The top court convenes the Grand Bench when it plans to change its interpretation of the Constitution or reverse a legal precedent.
The court is expected to make a final decision, possibly by autumn, to interpret the Civil Code provision as running counter to the Constitution, which guarantees equality for all under the law.
Paragraph 4 of the Civil Code’s Article 900 provides that a child born out of wedlock is entitled to inherit only half the value of an estate accorded to a legitimate child.
The provision represents “unreasonable discrimination and is unconstitutional,” said a lawyer for an illegitimate child whose father died in Tokyo in July 2001, at the Grand Bench session Wednesday morning.
“Europe has repealed such discrimination and a relevant United Nations committee has repeatedly recommended that Japan correct this discrimination,” the lawyer said. “The provision has lost its raison d’etre and should be promptly ruled as unconstitutional and void.”

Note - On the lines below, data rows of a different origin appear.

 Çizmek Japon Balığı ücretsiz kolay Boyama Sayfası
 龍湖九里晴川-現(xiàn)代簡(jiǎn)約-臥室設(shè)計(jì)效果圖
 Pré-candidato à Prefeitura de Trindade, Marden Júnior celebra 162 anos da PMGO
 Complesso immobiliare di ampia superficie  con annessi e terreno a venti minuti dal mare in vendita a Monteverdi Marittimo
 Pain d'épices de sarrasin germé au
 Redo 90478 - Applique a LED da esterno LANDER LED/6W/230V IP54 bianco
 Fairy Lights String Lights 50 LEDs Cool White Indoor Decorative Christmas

In response, a lawyer for a child born in wedlock in the Tokyo dispute defended the provision as contributing to stabilizing a family and as reflecting social realities.
The Grand Bench is to address another inheritance dispute in Wakayama Prefecture.
The provision was first established in the civil code in 1898 and was left untouched in the postwar version. Some provisions of the current Civil Code are still based on the social norm of long ago.
In its decision in 1995, the Supreme Court ruled that the provision respects the position of legitimate children while protecting illegitimate children and cannot be viewed as representing unreasonable discrimination.
But five of the 15 Grand Bench justices opposed the decision, branding the provision as unconstitutional.
Since then, top court rulings on inheritance disputes have followed the 1995 decision. But some justices have opposed the decision or called for legislative action to eliminate discrimination.